In de betreffende vergunningaanvraag staat bij "bestemming na voltooiing vermeld:
"voor zelfbewoning met bedrijfsruimte voor het houden van pluim- en kleinvee en 4 paarden (geen
zakelijke doeleinden)."
Volgens SAOZ (p. 7) heeft de verlening van deze bouwvergunning - anders dan reclamant veronderstelt
- als zodanig geen legaliserende werking in die zin dat toekomstige verbouwingen en uitbreidingen in
strijd met de agrarische bestemming toegelaten zouden kunnen en moeten worden. Ook het gebruik van
het gehele perceel en de andere opstallen voor woondoeleinden kan daardoor - aldus SAOZ - niet
geacht worden planologisch toelaatbaar te zijn geworden. Zulks te meer niet, omdat de van de
vergunning deel uitmakende vergunningaanvraag expliciet aangeeft dat die gronden en gebouwen een
zekere agrarische functie zouden behouden. Volgens SAOZ dient wel te worden aangenomen dat
handhavend optreden tegen het gebruik van de destijds verbouwde boerderij voor "gewone" doeleinden
door de verleende vergunning niet langer mogelijk zou zijn geweest.

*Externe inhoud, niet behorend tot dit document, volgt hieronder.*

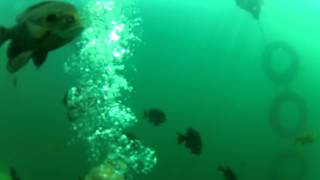 preview picture of video 'Scuba Diving Gilboa Quarry 07-27-12'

Het nieuwe bestemmingsplan heeft een belangrijk deel van de gronden - waaronder de woning met
diverse andere gebouwen - een positieve bestemming voor woondoeleinden gegeven. De woning kan
daarbij een maximaal oppervlak, na vrijstelling, van 330 m2 krijgen.
In het rapport van SAOZ (p. 8) wordt uitgegaan van een voordeel voor reclamant vanwege het feit dat het
nieuwe bestemmingsplan een belangrijk deel van de gronden - waaronder de woning en diverse andere
gebouwen - een positieve bestemming voor woondoeleinden heeft gegeven.